Your objective: Beginning with the first line, return the material verbatim and without pictures.

[Material provided Boundary: Start]

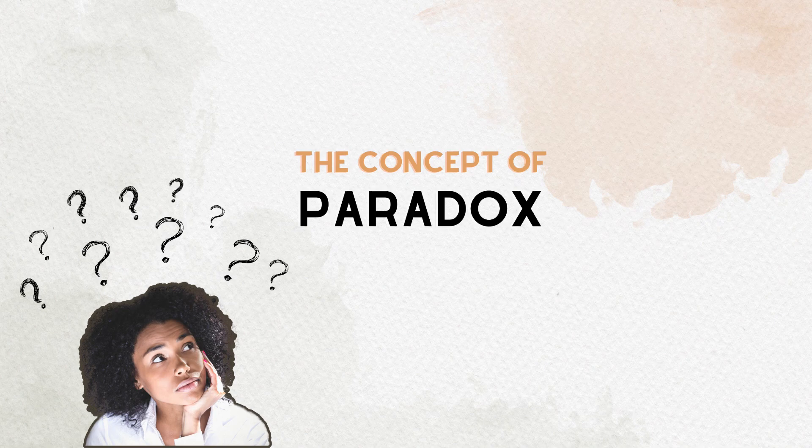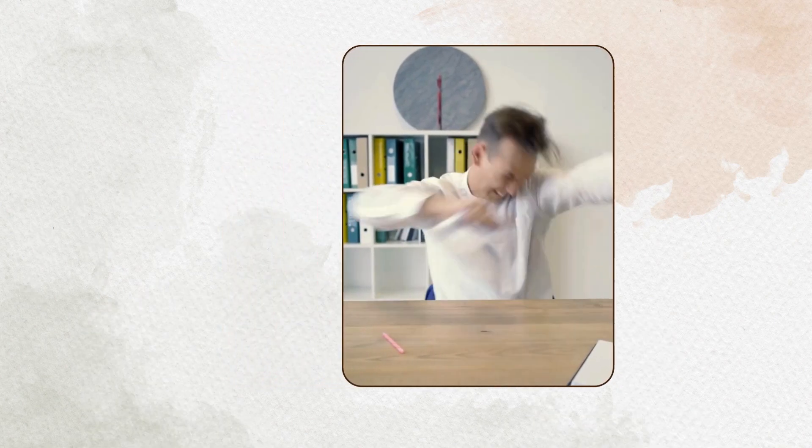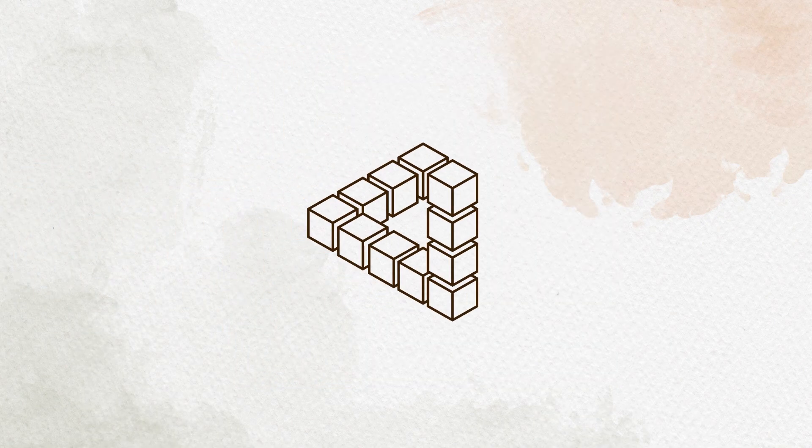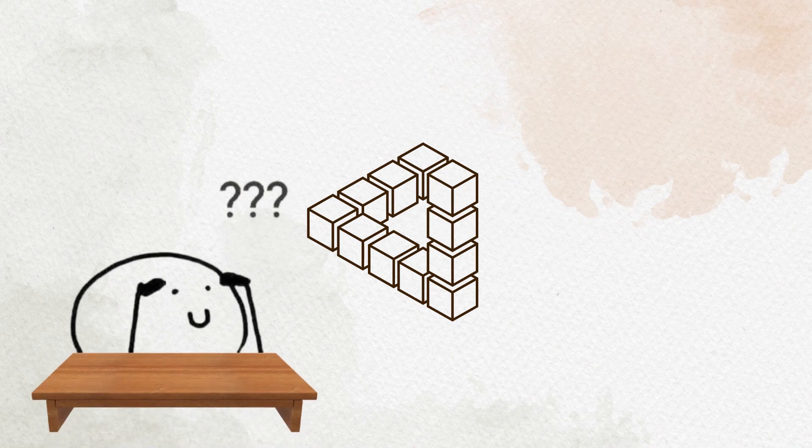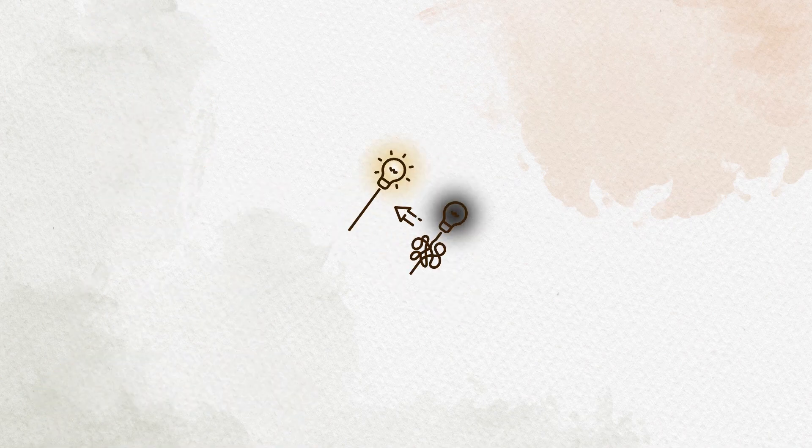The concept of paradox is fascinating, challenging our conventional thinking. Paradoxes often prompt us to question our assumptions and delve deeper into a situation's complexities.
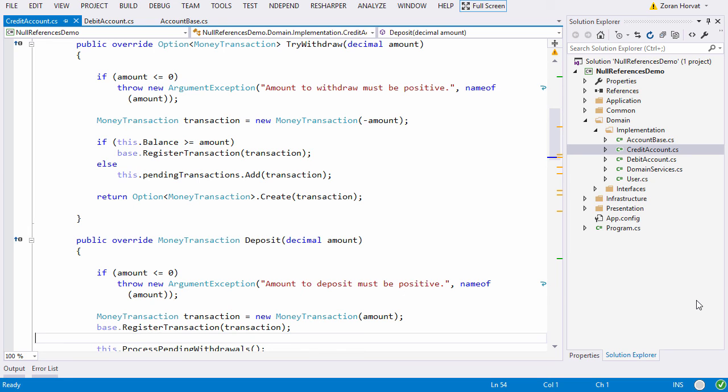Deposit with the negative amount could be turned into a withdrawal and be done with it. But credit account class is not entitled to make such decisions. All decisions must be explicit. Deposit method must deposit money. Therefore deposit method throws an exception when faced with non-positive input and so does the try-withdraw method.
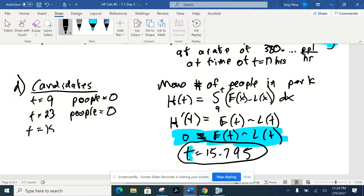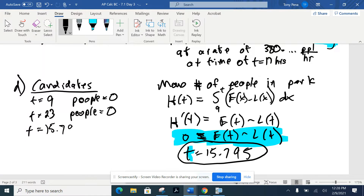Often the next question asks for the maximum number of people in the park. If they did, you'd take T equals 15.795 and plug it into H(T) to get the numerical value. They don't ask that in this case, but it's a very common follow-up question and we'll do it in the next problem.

[Material provided Boundary: End]

Finished task:
The concept of paradox is fascinating, challenging our conventional thinking. Paradoxes often prompt us to question our assumptions and delve deeper into a situation's complexities.
Deposit with the negative amount could be turned into a withdrawal and be done with it. But credit account class is not entitled to make such decisions. All decisions must be explicit. Deposit method must deposit money. Therefore deposit method throws an exception when faced with non-positive input and so does the try-withdraw method.
Often the next question asks for the maximum number of people in the park. If they did, you'd take T equals 15.795 and plug it into H(T) to get the numerical value. They don't ask that in this case, but it's a very common follow-up question and we'll do it in the next problem.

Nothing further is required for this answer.